- **Problem description**: Only the lines from the one that contains "Erupting Blowholes And" to the last line below, both included, should be transcribed. Pictures stay out of the copy.

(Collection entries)
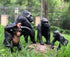 Gemini&Genius King Kong Toys, Safari Animal Toys Gorilla Family Figurines, Wildlife World Action Figure, Backyards Garden Flowerpot Room Decoratio...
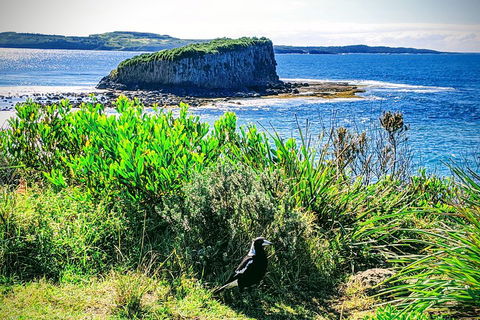 Erupting Blowholes And Ancient Rainforests With 'Personalised Sydney Tours' - Darwin Holiday 3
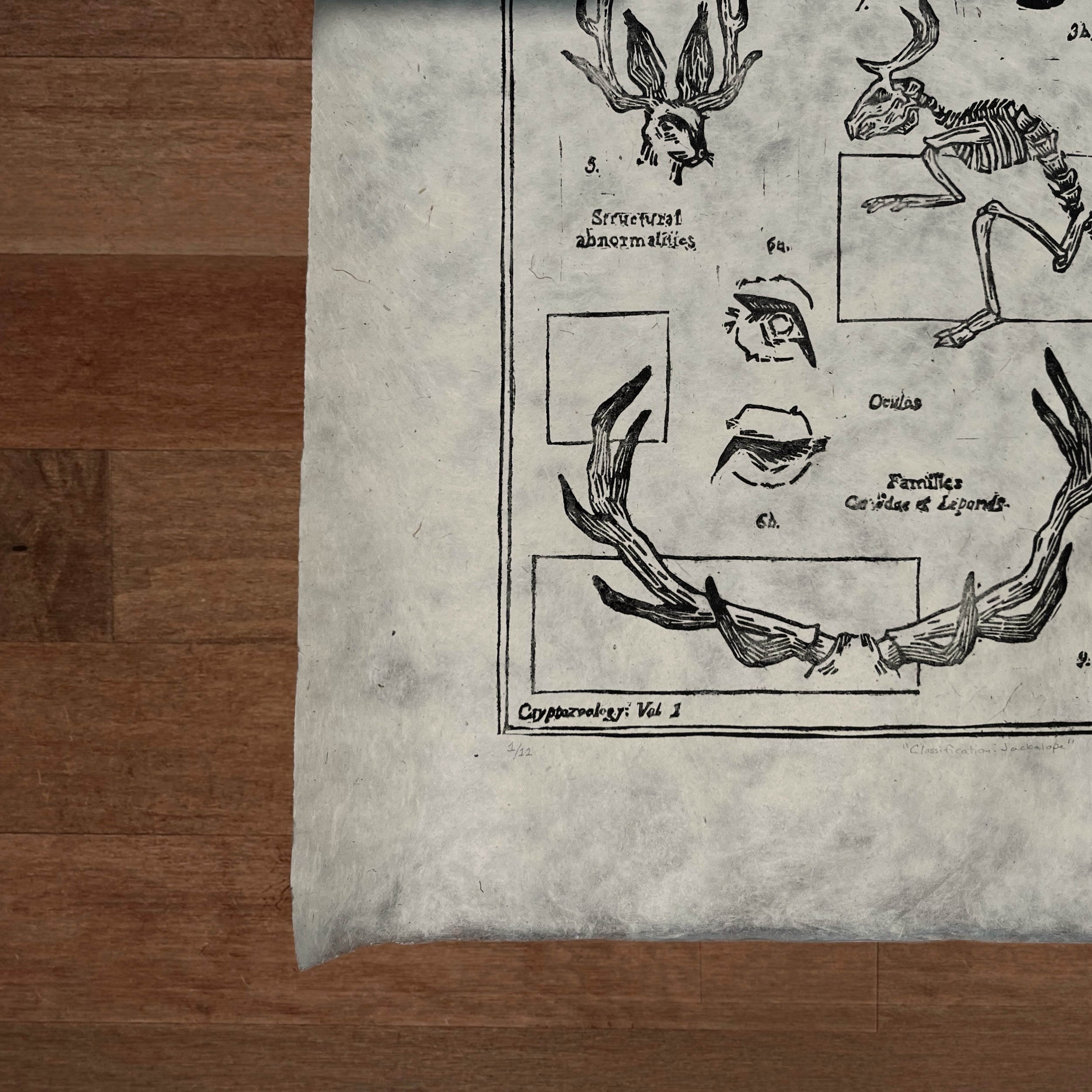 Classification: Jackalope Print (Series of 12)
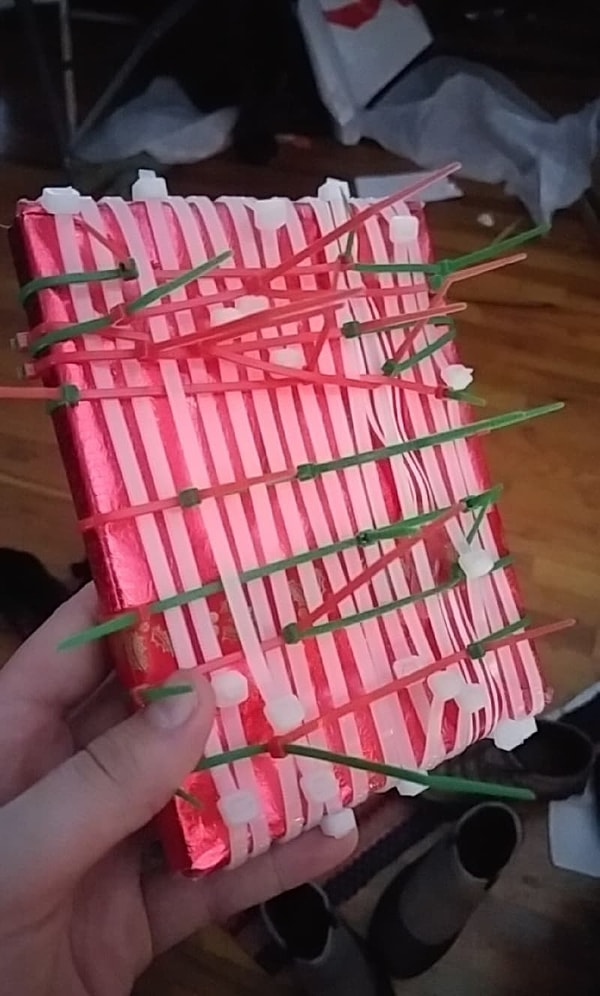 11. Приз за лучший подарок для сестры уходит этому жестокому, но предприимчивому братцу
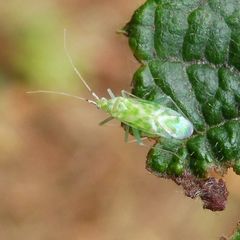Malacocoris chlorizans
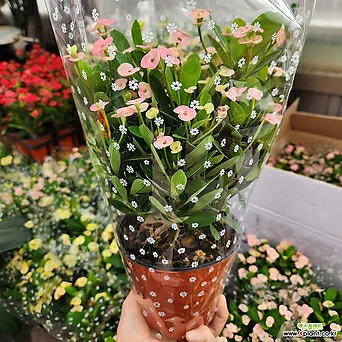 꽃기린 핑크스타 소중품139 연핑크 꽃기린 꽃비종합원예 1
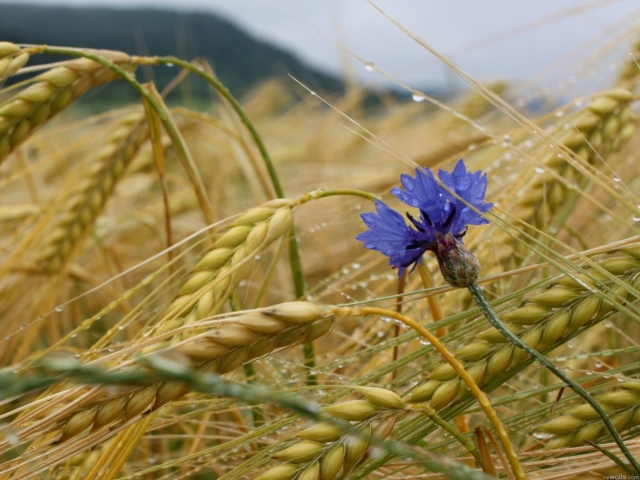 Fondo de pantalla Wheat And Blue Flower 640x480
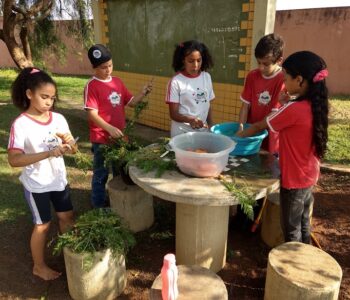 As cenouras colhidas na horta cuidada pelos próprios alunos virou refeição (Foto/MargaridaSustentável)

- **Task answer**:
 Erupting Blowholes And Ancient Rainforests With 'Personalised Sydney Tours' - Darwin Holiday 3
 Classification: Jackalope Print (Series of 12)
 11. Приз за лучший подарок для сестры уходит этому жестокому, но предприимчивому братцу
Malacocoris chlorizans
 꽃기린 핑크스타 소중품139 연핑크 꽃기린 꽃비종합원예 1
 Fondo de pantalla Wheat And Blue Flower 640x480
 As cenouras colhidas na horta cuidada pelos próprios alunos virou refeição (Foto/MargaridaSustentável)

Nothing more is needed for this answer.